How do we get billed when tools are used in the Assistant API?

olivier.divay35 · August 1, 2024, 6:25pm

The Assistant API can ask the developer to make function calls, and there’s a simple way to provide responses. In any case, 2 model calls are made. How do we get billed for these calls? What chat history does it use for the second call, with what prompt?
Does (stateful) Assistant threading include some smart to prevent reprocessing of the chat history? In other words, is it faster than the bare-bone (stateless) solution of pruning the chat history ourselves and resubmitting?

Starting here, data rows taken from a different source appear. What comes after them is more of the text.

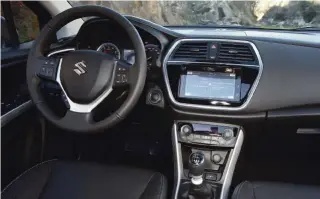  ??  ?? INTERIOR MUY AMIGABLE.
La gama S-Cross incorpora ahora faros de led. En el interior todo resulta muy funcional, con materiales que no son lujosos pero sí muy resistente­s.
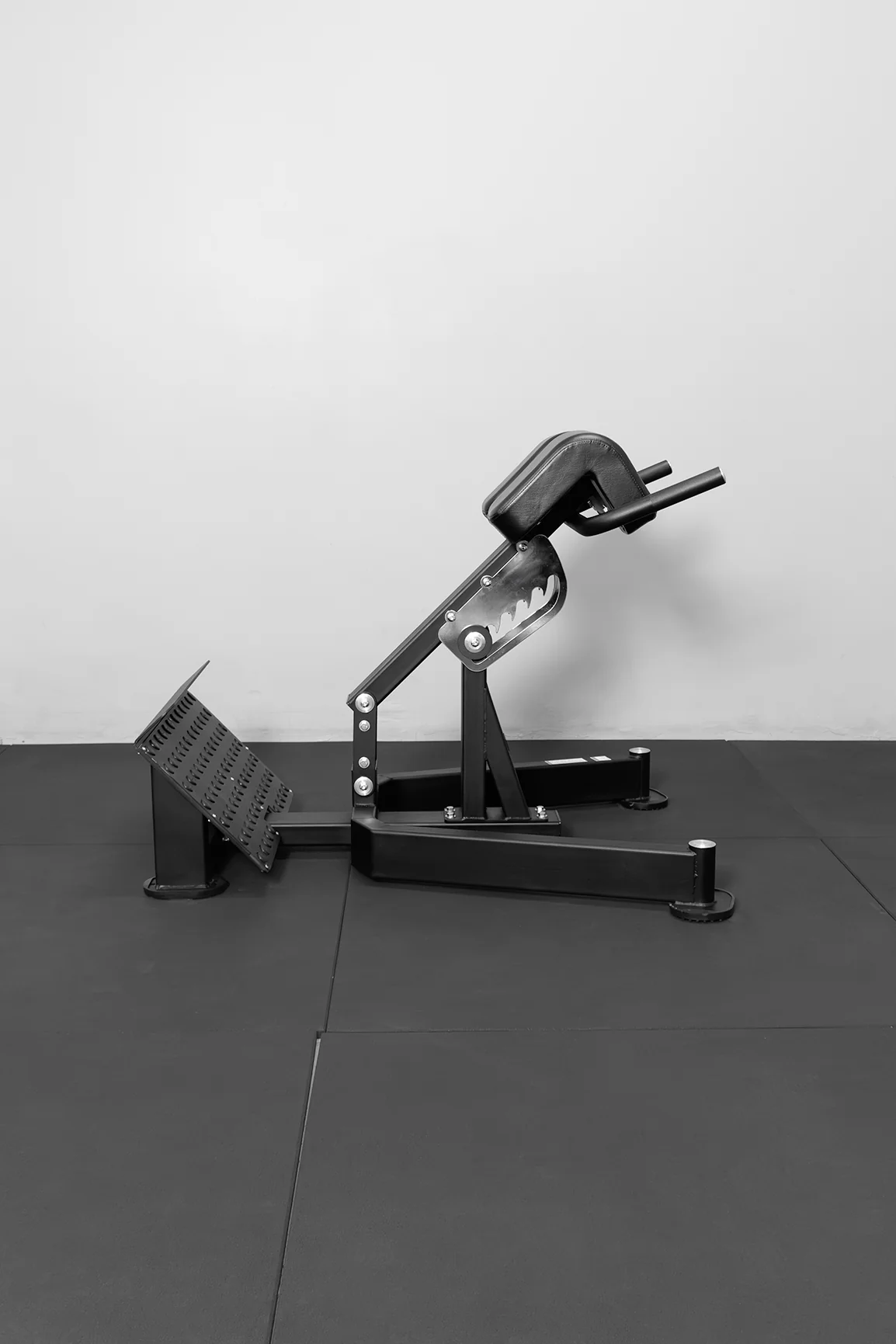 BodyIron® Commercial Roman Chair & Hyperextension Bench - Image 10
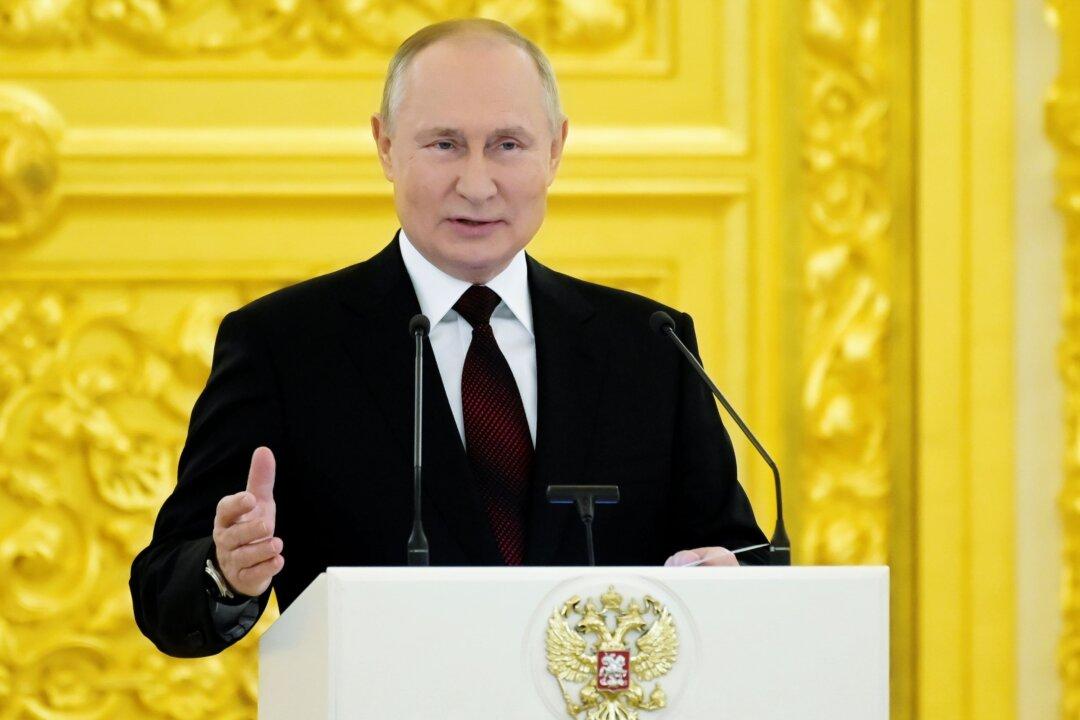 Putin Demands NATO Guarantees Not to Expand Eastward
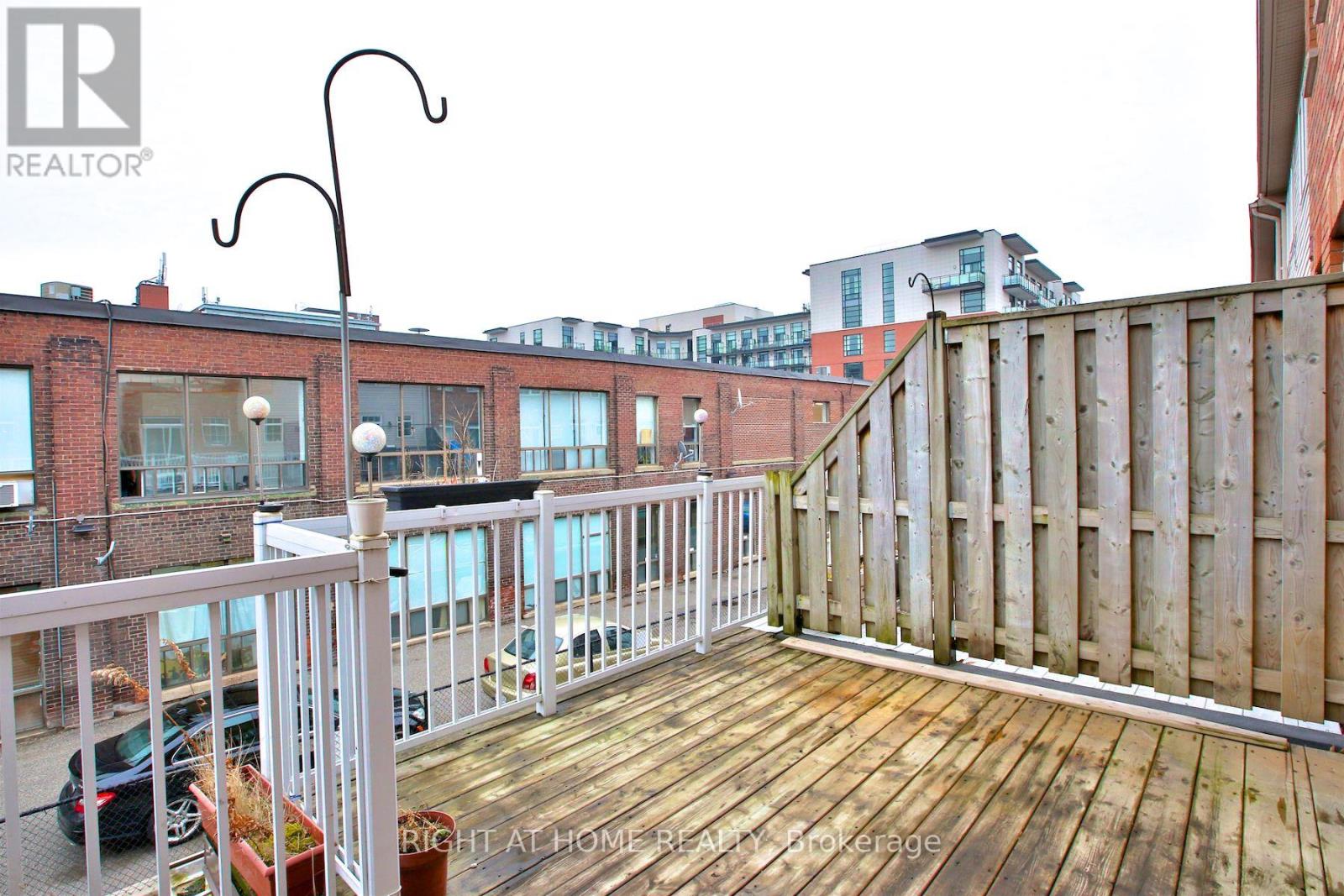 49 Natalie Place, Toronto, Ontario  M4M 3P6 - Photo 28 - E12577422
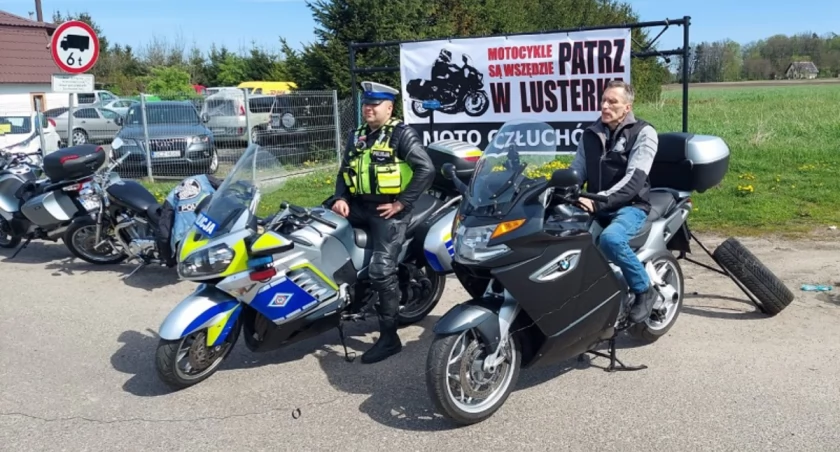 Patrz w lusterka, motocykle są wszędzie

Diet · August 1, 2024, 6:34pm

Welcome to the community!

I suspect no one really knows. I’m fairly certain you always get billed for all tokens in or out, regardless of what the model does.

Does (stateful) Assistant threading include some smart to prevent reprocessing of the chat history?

I don’t think so. You have the parameters run-max_prompt_tokens and run-truncation_strategy, but there’s nothing “smart” going on in the background to save you tokens.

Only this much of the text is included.